* Web page caption snippets:
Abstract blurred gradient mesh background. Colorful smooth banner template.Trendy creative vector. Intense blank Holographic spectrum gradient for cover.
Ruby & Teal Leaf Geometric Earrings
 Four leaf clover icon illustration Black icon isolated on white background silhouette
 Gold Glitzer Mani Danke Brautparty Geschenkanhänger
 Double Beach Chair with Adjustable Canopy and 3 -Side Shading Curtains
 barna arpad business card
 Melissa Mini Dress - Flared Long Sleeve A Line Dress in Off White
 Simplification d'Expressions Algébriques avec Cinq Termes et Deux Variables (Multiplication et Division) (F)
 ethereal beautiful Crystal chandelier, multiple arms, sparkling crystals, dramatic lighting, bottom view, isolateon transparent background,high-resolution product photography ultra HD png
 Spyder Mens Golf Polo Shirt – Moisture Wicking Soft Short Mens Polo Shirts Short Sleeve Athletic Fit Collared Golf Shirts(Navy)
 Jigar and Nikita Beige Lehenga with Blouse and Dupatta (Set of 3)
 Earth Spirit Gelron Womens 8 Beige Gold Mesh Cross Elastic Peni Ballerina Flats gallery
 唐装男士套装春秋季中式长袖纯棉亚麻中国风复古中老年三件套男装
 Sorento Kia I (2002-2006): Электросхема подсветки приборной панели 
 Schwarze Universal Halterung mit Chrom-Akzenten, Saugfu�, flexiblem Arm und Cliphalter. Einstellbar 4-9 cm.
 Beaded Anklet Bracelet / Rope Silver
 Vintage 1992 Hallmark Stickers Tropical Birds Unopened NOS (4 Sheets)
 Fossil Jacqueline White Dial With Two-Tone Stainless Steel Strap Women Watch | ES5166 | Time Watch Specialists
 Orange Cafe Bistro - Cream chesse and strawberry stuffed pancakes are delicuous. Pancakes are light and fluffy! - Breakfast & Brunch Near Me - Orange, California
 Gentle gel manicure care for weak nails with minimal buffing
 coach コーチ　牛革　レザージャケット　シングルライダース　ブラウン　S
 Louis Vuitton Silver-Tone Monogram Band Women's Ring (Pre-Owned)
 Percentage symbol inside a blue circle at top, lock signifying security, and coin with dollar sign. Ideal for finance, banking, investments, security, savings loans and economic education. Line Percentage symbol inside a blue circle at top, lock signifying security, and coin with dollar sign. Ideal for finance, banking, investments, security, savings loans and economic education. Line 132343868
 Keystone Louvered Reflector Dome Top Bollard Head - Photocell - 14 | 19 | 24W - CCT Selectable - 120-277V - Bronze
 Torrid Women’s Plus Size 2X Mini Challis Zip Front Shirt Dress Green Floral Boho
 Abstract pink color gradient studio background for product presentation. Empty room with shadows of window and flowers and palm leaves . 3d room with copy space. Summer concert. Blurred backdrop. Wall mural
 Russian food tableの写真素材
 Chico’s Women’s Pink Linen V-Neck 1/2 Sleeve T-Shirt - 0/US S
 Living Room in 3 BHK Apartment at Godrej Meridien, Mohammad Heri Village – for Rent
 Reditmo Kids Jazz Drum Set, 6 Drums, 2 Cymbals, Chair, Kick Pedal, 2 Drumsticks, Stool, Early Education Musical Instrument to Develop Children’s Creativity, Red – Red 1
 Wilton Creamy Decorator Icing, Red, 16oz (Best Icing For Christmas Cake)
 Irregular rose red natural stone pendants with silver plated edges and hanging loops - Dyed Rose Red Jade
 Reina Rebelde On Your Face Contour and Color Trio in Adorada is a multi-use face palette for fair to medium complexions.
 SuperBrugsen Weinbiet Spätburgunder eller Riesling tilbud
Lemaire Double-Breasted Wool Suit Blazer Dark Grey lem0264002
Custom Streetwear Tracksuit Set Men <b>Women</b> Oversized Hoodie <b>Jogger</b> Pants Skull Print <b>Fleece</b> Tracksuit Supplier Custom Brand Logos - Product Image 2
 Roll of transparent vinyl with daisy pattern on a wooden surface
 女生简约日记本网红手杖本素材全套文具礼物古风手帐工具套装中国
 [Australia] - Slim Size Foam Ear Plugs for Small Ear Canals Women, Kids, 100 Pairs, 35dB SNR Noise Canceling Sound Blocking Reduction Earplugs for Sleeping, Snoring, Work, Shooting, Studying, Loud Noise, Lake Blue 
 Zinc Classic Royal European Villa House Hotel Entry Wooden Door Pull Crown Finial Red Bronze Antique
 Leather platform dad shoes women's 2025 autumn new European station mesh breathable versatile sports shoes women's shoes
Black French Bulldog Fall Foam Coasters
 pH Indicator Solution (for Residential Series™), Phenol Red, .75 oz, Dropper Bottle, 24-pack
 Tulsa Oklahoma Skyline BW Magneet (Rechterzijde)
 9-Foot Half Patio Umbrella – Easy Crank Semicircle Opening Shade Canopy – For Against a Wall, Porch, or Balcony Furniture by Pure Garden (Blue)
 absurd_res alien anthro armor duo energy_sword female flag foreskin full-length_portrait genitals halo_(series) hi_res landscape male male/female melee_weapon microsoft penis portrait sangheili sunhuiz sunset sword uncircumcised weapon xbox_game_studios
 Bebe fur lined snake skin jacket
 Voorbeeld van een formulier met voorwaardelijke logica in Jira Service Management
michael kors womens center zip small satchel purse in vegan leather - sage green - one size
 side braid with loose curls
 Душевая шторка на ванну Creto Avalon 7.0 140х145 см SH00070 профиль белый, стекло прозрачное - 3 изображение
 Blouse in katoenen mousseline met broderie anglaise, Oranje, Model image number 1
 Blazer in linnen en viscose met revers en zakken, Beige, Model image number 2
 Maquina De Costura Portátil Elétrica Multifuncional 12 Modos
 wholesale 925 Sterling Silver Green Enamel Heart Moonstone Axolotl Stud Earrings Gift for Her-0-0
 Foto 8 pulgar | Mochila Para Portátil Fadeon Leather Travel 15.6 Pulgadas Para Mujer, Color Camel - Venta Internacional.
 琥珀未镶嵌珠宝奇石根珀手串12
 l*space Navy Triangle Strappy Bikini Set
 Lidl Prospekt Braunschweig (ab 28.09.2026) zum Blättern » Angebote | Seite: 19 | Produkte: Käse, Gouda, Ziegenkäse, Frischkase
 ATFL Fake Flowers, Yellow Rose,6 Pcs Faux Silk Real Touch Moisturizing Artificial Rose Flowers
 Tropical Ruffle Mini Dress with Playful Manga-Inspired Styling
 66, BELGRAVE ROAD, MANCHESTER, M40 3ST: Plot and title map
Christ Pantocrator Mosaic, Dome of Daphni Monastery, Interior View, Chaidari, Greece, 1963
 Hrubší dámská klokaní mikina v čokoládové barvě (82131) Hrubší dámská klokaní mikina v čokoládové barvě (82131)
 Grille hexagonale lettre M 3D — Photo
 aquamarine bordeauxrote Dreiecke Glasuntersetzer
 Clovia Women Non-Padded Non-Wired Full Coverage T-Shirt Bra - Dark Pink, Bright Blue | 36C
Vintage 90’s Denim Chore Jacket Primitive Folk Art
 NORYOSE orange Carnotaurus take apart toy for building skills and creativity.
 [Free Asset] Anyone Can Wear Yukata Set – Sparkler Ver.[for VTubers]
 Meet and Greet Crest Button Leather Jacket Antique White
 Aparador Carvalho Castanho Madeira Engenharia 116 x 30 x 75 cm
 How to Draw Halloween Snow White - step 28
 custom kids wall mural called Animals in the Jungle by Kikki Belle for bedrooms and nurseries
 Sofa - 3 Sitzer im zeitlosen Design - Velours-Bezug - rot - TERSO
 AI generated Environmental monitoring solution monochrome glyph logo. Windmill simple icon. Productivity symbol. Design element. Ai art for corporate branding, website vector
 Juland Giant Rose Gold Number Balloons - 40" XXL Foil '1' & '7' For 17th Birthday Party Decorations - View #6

* WHAT IS BEING ASKED:
Each line must be given again exactly as written above.

* YOUR RESPONSE:
Abstract blurred gradient mesh background. Colorful smooth banner template.Trendy creative vector. Intense blank Holographic spectrum gradient for cover.
Ruby & Teal Leaf Geometric Earrings
 Four leaf clover icon illustration Black icon isolated on white background silhouette
 Gold Glitzer Mani Danke Brautparty Geschenkanhänger
 Double Beach Chair with Adjustable Canopy and 3 -Side Shading Curtains
 barna arpad business card
 Melissa Mini Dress - Flared Long Sleeve A Line Dress in Off White
 Simplification d'Expressions Algébriques avec Cinq Termes et Deux Variables (Multiplication et Division) (F)
 ethereal beautiful Crystal chandelier, multiple arms, sparkling crystals, dramatic lighting, bottom view, isolateon transparent background,high-resolution product photography ultra HD png
 Spyder Mens Golf Polo Shirt – Moisture Wicking Soft Short Mens Polo Shirts Short Sleeve Athletic Fit Collared Golf Shirts(Navy)
 Jigar and Nikita Beige Lehenga with Blouse and Dupatta (Set of 3)
 Earth Spirit Gelron Womens 8 Beige Gold Mesh Cross Elastic Peni Ballerina Flats gallery
 唐装男士套装春秋季中式长袖纯棉亚麻中国风复古中老年三件套男装
 Sorento Kia I (2002-2006): Электросхема подсветки приборной панели 
 Schwarze Universal Halterung mit Chrom-Akzenten, Saugfu�, flexiblem Arm und Cliphalter. Einstellbar 4-9 cm.
 Beaded Anklet Bracelet / Rope Silver
 Vintage 1992 Hallmark Stickers Tropical Birds Unopened NOS (4 Sheets)
 Fossil Jacqueline White Dial With Two-Tone Stainless Steel Strap Women Watch | ES5166 | Time Watch Specialists
 Orange Cafe Bistro - Cream chesse and strawberry stuffed pancakes are delicuous. Pancakes are light and fluffy! - Breakfast & Brunch Near Me - Orange, California
 Gentle gel manicure care for weak nails with minimal buffing
 coach コーチ　牛革　レザージャケット　シングルライダース　ブラウン　S
 Louis Vuitton Silver-Tone Monogram Band Women's Ring (Pre-Owned)
 Percentage symbol inside a blue circle at top, lock signifying security, and coin with dollar sign. Ideal for finance, banking, investments, security, savings loans and economic education. Line Percentage symbol inside a blue circle at top, lock signifying security, and coin with dollar sign. Ideal for finance, banking, investments, security, savings loans and economic education. Line 132343868
 Keystone Louvered Reflector Dome Top Bollard Head - Photocell - 14 | 19 | 24W - CCT Selectable - 120-277V - Bronze
 Torrid Women’s Plus Size 2X Mini Challis Zip Front Shirt Dress Green Floral Boho
 Abstract pink color gradient studio background for product presentation. Empty room with shadows of window and flowers and palm leaves . 3d room with copy space. Summer concert. Blurred backdrop. Wall mural
 Russian food tableの写真素材
 Chico’s Women’s Pink Linen V-Neck 1/2 Sleeve T-Shirt - 0/US S
 Living Room in 3 BHK Apartment at Godrej Meridien, Mohammad Heri Village – for Rent
 Reditmo Kids Jazz Drum Set, 6 Drums, 2 Cymbals, Chair, Kick Pedal, 2 Drumsticks, Stool, Early Education Musical Instrument to Develop Children’s Creativity, Red – Red 1
 Wilton Creamy Decorator Icing, Red, 16oz (Best Icing For Christmas Cake)
 Irregular rose red natural stone pendants with silver plated edges and hanging loops - Dyed Rose Red Jade
 Reina Rebelde On Your Face Contour and Color Trio in Adorada is a multi-use face palette for fair to medium complexions.
 SuperBrugsen Weinbiet Spätburgunder eller Riesling tilbud
Lemaire Double-Breasted Wool Suit Blazer Dark Grey lem0264002
Custom Streetwear Tracksuit Set Men <b>Women</b> Oversized Hoodie <b>Jogger</b> Pants Skull Print <b>Fleece</b> Tracksuit Supplier Custom Brand Logos - Product Image 2
 Roll of transparent vinyl with daisy pattern on a wooden surface
 女生简约日记本网红手杖本素材全套文具礼物古风手帐工具套装中国
 [Australia] - Slim Size Foam Ear Plugs for Small Ear Canals Women, Kids, 100 Pairs, 35dB SNR Noise Canceling Sound Blocking Reduction Earplugs for Sleeping, Snoring, Work, Shooting, Studying, Loud Noise, Lake Blue 
 Zinc Classic Royal European Villa House Hotel Entry Wooden Door Pull Crown Finial Red Bronze Antique
 Leather platform dad shoes women's 2025 autumn new European station mesh breathable versatile sports shoes women's shoes
Black French Bulldog Fall Foam Coasters
 pH Indicator Solution (for Residential Series™), Phenol Red, .75 oz, Dropper Bottle, 24-pack
 Tulsa Oklahoma Skyline BW Magneet (Rechterzijde)
 9-Foot Half Patio Umbrella – Easy Crank Semicircle Opening Shade Canopy – For Against a Wall, Porch, or Balcony Furniture by Pure Garden (Blue)
 absurd_res alien anthro armor duo energy_sword female flag foreskin full-length_portrait genitals halo_(series) hi_res landscape male male/female melee_weapon microsoft penis portrait sangheili sunhuiz sunset sword uncircumcised weapon xbox_game_studios
 Bebe fur lined snake skin jacket
 Voorbeeld van een formulier met voorwaardelijke logica in Jira Service Management
michael kors womens center zip small satchel purse in vegan leather - sage green - one size
 side braid with loose curls
 Душевая шторка на ванну Creto Avalon 7.0 140х145 см SH00070 профиль белый, стекло прозрачное - 3 изображение
 Blouse in katoenen mousseline met broderie anglaise, Oranje, Model image number 1
 Blazer in linnen en viscose met revers en zakken, Beige, Model image number 2
 Maquina De Costura Portátil Elétrica Multifuncional 12 Modos
 wholesale 925 Sterling Silver Green Enamel Heart Moonstone Axolotl Stud Earrings Gift for Her-0-0
 Foto 8 pulgar | Mochila Para Portátil Fadeon Leather Travel 15.6 Pulgadas Para Mujer, Color Camel - Venta Internacional.
 琥珀未镶嵌珠宝奇石根珀手串12
 l*space Navy Triangle Strappy Bikini Set
 Lidl Prospekt Braunschweig (ab 28.09.2026) zum Blättern » Angebote | Seite: 19 | Produkte: Käse, Gouda, Ziegenkäse, Frischkase
 ATFL Fake Flowers, Yellow Rose,6 Pcs Faux Silk Real Touch Moisturizing Artificial Rose Flowers
 Tropical Ruffle Mini Dress with Playful Manga-Inspired Styling
 66, BELGRAVE ROAD, MANCHESTER, M40 3ST: Plot and title map
Christ Pantocrator Mosaic, Dome of Daphni Monastery, Interior View, Chaidari, Greece, 1963
 Hrubší dámská klokaní mikina v čokoládové barvě (82131) Hrubší dámská klokaní mikina v čokoládové barvě (82131)
 Grille hexagonale lettre M 3D — Photo
 aquamarine bordeauxrote Dreiecke Glasuntersetzer
 Clovia Women Non-Padded Non-Wired Full Coverage T-Shirt Bra - Dark Pink, Bright Blue | 36C
Vintage 90’s Denim Chore Jacket Primitive Folk Art
 NORYOSE orange Carnotaurus take apart toy for building skills and creativity.
 [Free Asset] Anyone Can Wear Yukata Set – Sparkler Ver.[for VTubers]
 Meet and Greet Crest Button Leather Jacket Antique White
 Aparador Carvalho Castanho Madeira Engenharia 116 x 30 x 75 cm
 How to Draw Halloween Snow White - step 28
 custom kids wall mural called Animals in the Jungle by Kikki Belle for bedrooms and nurseries
 Sofa - 3 Sitzer im zeitlosen Design - Velours-Bezug - rot - TERSO
 AI generated Environmental monitoring solution monochrome glyph logo. Windmill simple icon. Productivity symbol. Design element. Ai art for corporate branding, website vector
 Juland Giant Rose Gold Number Balloons - 40" XXL Foil '1' & '7' For 17th Birthday Party Decorations - View #6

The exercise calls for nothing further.